15 Mart 2022 Salı

Ben kendimi seçiyorum

İnsanın hayattaki en müthiş macerası kendini keşfetmek ve tanımak. En zorlu ve en çetin macerası hatta. Çünkü başkalarını tanımak kolaydır. Birini tanımaya başlarsın, zamanla sana uymadığı yerde bırakırsın iplerini. Ama kendinle öyle mi? İnsan kendini sevmek ister. İnsan hep sevmek ve sevilmek ister. Sevginin de en temeli kişinin kendisine duyduğu sevgiyle başlar aslında. Bundandır ki kendisini sevmeyen insanlar başkalarını zaten sevemezler.
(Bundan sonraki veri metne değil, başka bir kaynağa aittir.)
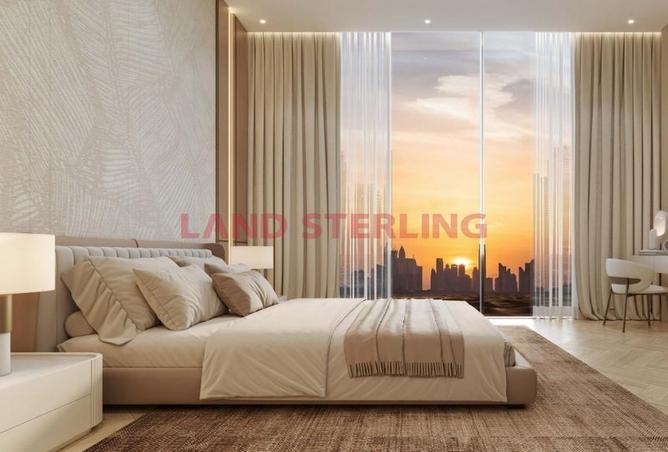 16046389 - صورة العقار 2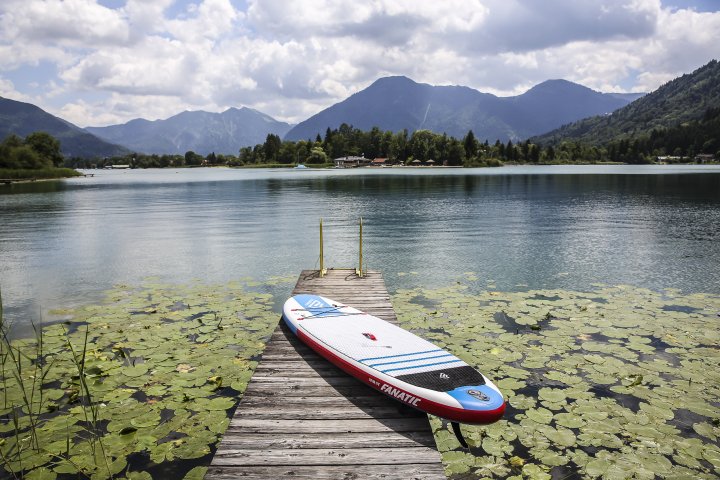 Bachmair Weissach Family Hotel Tegernsee Beach Clubjpg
Hep kendimi araştırdım ben. Nasıl bir insanım, kimim? Durup durup dışarıdan bakardım hep kendime. Personam neydi? Gölge yanlarımda, karanlıklarımda neler gizliydi? Hangi davranışlarda neden bulunuyordum vs... Hep aradım, hep araştırdım. Sevdiğim pek çok şey buldum kendimde. Mesela uzun uzun "iyi bir insan mıyım?" sorusuna baktım bir dönem. Hatta o zamanlar çıkmıştı karşıma, kim söylemişti hatırlamasam da 

"Kötü bir insan olup olmadığını sorgulayan insanlar kötü değillerdir."

demişti birileri. Nitekim değildim. Bilerek ve isteyerek kötülük yaptığım kimse olmamıştı. Ben öyle sanıyordum tabii ki. Sonra farkettim ki benim kötülük yaptığım tek insan bizzat kendimdi bu hayatta. 

Geçenlerde yeni tanıştığım biri ile bir konuyu konuşuyorduk. Genel muhabbetler işte. Kurduğu bir cümle beynime kazınıp kaldı. Dedi ki bana 

"Sen zeki, kariyerli, aklı başında, mantıklı, oldukça güzel, kaliteli bir kadınsın. Seçimlerin de böyle. Kaliteli ilişkilerin var ailenle, arkadaşlarınla, dostlarınla. Ancak ben anlıyorum ki sen ilişki anlamında kalitesiz insanlar seçmişsin hep. Neden kendini kalitesiz insanlara layık gördüğünü sorgulamalısın bence"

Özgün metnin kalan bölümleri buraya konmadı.